Alors que le référendum approche, les réalisateurs regrettent que « l’écologie, la coutume et le rapport à la spiritualité soient complètement évacués des débats autour de l’indépendance ». Plutôt que de s’adresser aux institutionnels, ils ont décidé de filmer les marges, des jeunes qui sabotent des mines, des groupes qui vivent dans des squats à Nouméa, juste à côté des hôtels de luxe et des lumières criardes. La colonisation est bien là, palpable à chaque instant, comme une blessure à vif. « Pendant que l’on respecte la légalité républicaine, on continue de nous exploiter », prévenait déjà Éloi Machoro, un leader kanak, assassiné par le GIGN en 1985 après avoir appelé au boycott des élections locales.
Même s’ils soutiennent le vote pour l’indépendance, les deux réalisateurs interrogent le processus en cours. « Il n’y a rien qui rend plus muet qu’un référendum, souligne Hélène Magne. Un référendum est basé sur deux possibilités, qui ne sont chacune que contenue dans trois lettres, oui ou non ». Un destin commun ne se construit pas forcément par les urnes. « Il se fait d’abord en se rencontrant, en tombant en amitié, en se mêlant dans les quartiers, dans les territoires, en gagnant en autonomie », dit Florent Tillon.

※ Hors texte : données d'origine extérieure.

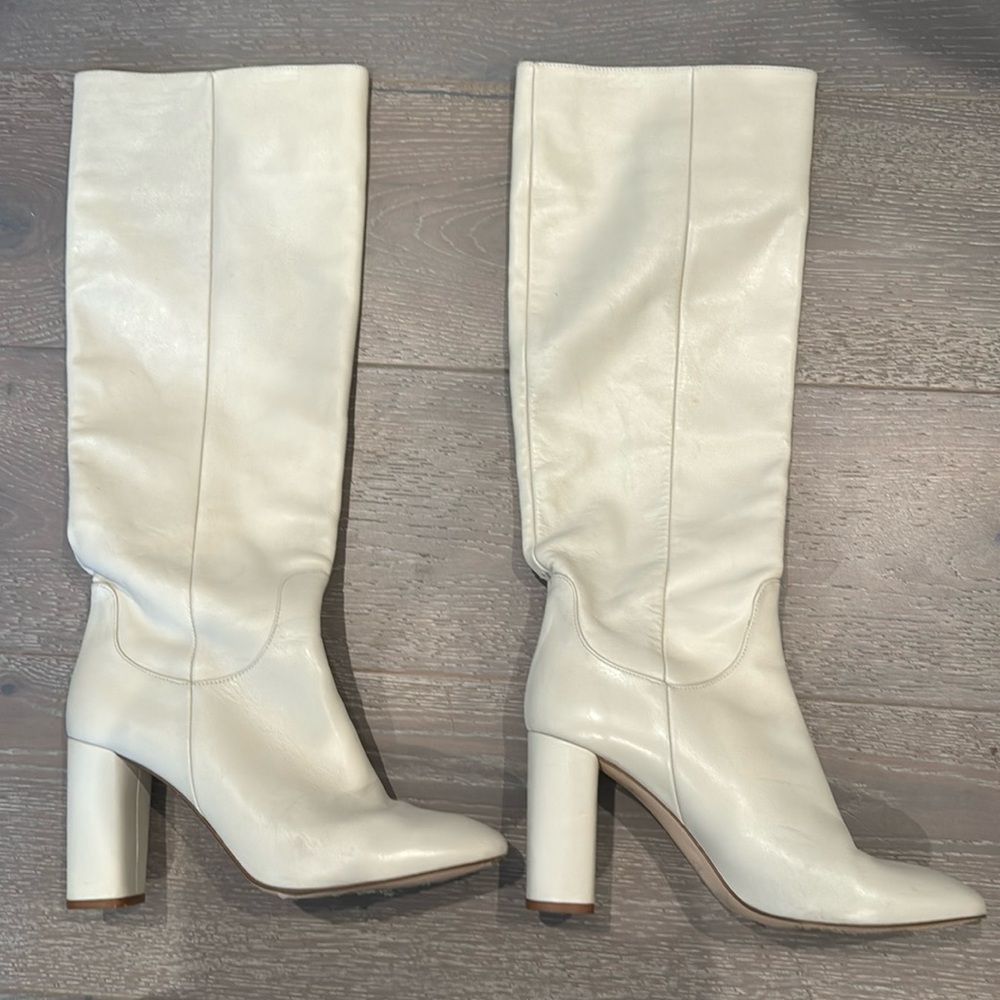 Ivory Leather Knee High Boots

De l’autonomie, il en est question dans le film, ou plutôt de son absence. La Nouvelle-Calédonie importe la majorité de son alimentation alors que la nature y est prodigue. Dans les magasins, tout est extrêmement cher, une part de pastèque se vend à sept euros. « Le mythe de l’attraction urbaine et de l’économie pousse des jeunes à partir d’un endroit où tout était gratuit et où les jardins vivriers vivriers, la chasse, la pêche, permettaient d’être auto suffisant, en dehors de l’économie » constatent, amers, les cinéastes. La ville, elle, n’est pas résiliente. Il faut faire venir des paquebots d’Australie, remplis de produits congelés et de marchandises en tous genres, pour assouvir ses besoins.

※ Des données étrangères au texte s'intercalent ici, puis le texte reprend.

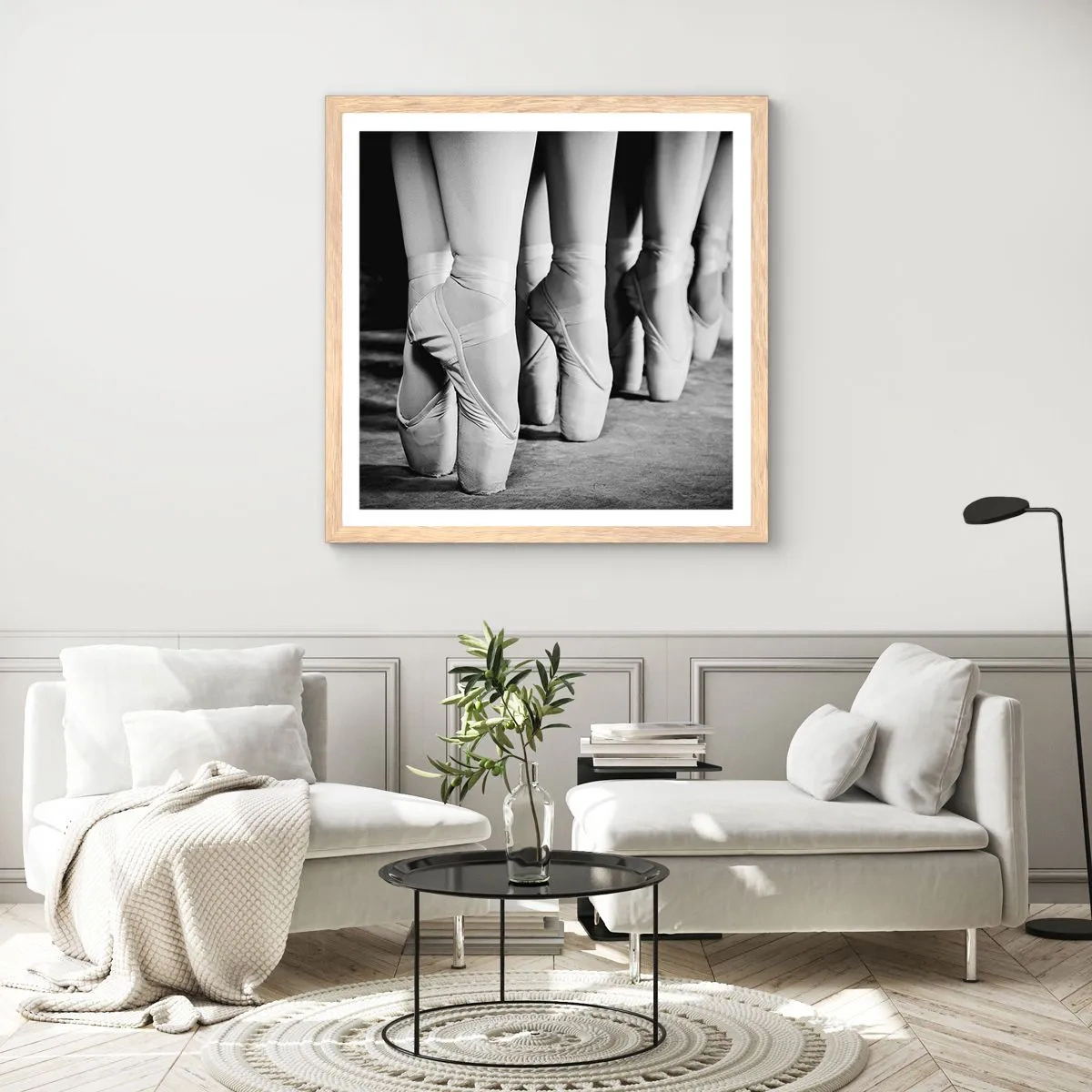 Poster in light oak frame - Together, Lightly - 50x50 cm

« L’usine, arrivée chez nous sonne le glas de la terre et de l’Homme »
Né au pays, Florent Tillon n’y était pas revenu depuis trente ans. Les tours, les centres commerciaux, les rocades d’autoroute ont poussé plus vite que les ignames ou la végétation. « C’est étonnant de voir la rapidité avec laquelle on ronge le monde. Quand j’étais petit, on récoltait des clovisses [une sorte de coquillage] sur les plages, juste à côté de Nouméa, maintenant c’est fini ».
En recoupant des images d’archives, le film revient sur les pollutions provoquées par les rejets des mines. Les accidents sont fréquents et la justice plus qu’inique. En 2014, 96.000 litres de produits toxiques et d’acide chlorhydrique on été déversés dans une baie au sud de l’île. L’entreprise n’a été condamnée qu’à 2.000 euros d’amende tandis que les jeunes de la tribu de Yaté qui s’étaient révoltés ont subi, eux, de la prison ferme. « L’usine, arrivée chez nous, sonne le glas de la Terre et de l’homme », slame un jeune Kanak dans un clip vidéo.
La caméra filme aussi les mines béantes qui défigurent les montagnes. « Quand tu arrives là-bas, ça te frappe immédiatement au corps, raconte Hélène Magne. Les sites sont gigantesques, on se croirait sur la planète Mars. On perd toute échelle. On ne peut même plus imaginer à quoi ressemblait le paysage avant. Il ne reste qu’une terre rouge creusée par d’énormes machines ».
L’indépendance permettra-t-elle de changer la donne ? C’est toute la question que pose le film. Comme le dit Hélène Magne, « la colonisation ne se résume pas à des costumes beiges, des chapeaux ou des fouets ». Elle irrigue les esprits et façonne les imaginaires. Pourra-t-on s’en libérer ?
« Dans les années 1960, l’approche décoloniale s’est faite sur la base du développement et de la répartition des richesses. Elle s’est faite autour du consensus technique et économique qu’il y avait à l’époque, analyse Florent Tillon. Il faut maintenant défricher un nouveau chemin. Et ça ne concerne pas que les Calédoniens ».
Le réalisateur prend pour exemple le Vanuatu, à 600 kilomètres de la Nouvelle-Calédonie, qui a opté pour l’indépendance en 1980. La population a su avec la décolonisation conserver sa propre structure sociale dans une forme syncrétique avec l’apport occidental . « Ils ont débuté une transition vers une forme de renoncement, explique-t-il. Ils ont préféré fermer les mines plutôt que de participer au cauchemar mondial. » Il continue :
Une écologie décoloniale est un concept qui pourrait devenir une arme pour abattre le capitalisme. Mais comment se décoloniser de l’économie si l’on épouse ses formes institutionnelles, et que l’on ouvre de nouvelles mines pour de nouveaux marchés ?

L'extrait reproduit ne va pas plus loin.